Jelly d'Aranyi, fully Jelly Aranyi de Hunyadvár ( (30 May 189330 March 1966) was a Hungarian violinist who made her home in London.

She was born in Budapest, the great-niece of Joseph Joachim and sister of the violinist Adila Fachiri.  She began her studies as a pianist, but switched to violin at the Music Academy in Budapest when Jenő Hubay accepted her as a student. After concert tours of Europe and America as a soloist and chamber musician she settled in London. She formed a notable chamber trio with the Spanish cellist Pablo Casals and the Australian pianist Frederick Septimus Kelly, with whom she was in love, even referring to him as her "fiancé". On memorable occasions, she and Béla Bartók gave sonata recitals together in London and Paris. His two sonatas for violin and piano were dedicated to her; Jelly and Bartók presented them in London in March 1922 (No. 1) and May 1923 (No. 2).

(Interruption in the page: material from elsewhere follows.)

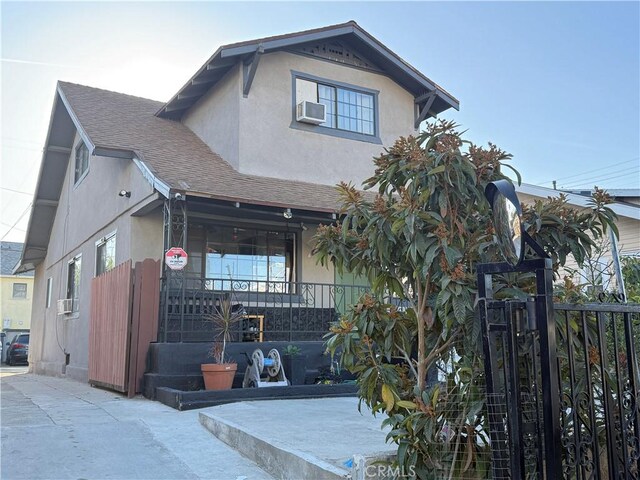 view of front of home featuring cooling unit and a porch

She was an excellent interpreter of Classical, Romantic and modern music. After d'Aranyi had, at his request, played "gypsy" violin music to him one evening, Maurice Ravel dedicated his popular violin-and-piano composition Tzigane to her. Ralph Vaughan Williams dedicated his Concerto Accademico to her. Gustav Holst's Double Concerto for Two Violins was written for Jelly and Adila.  The D'Aranyi String Quartet is named after her. Her extreme talent bring to life one of the most intelligent parfumes from Bourjois "Printemps de Paris" invented by Constantin Weriguine in 1931.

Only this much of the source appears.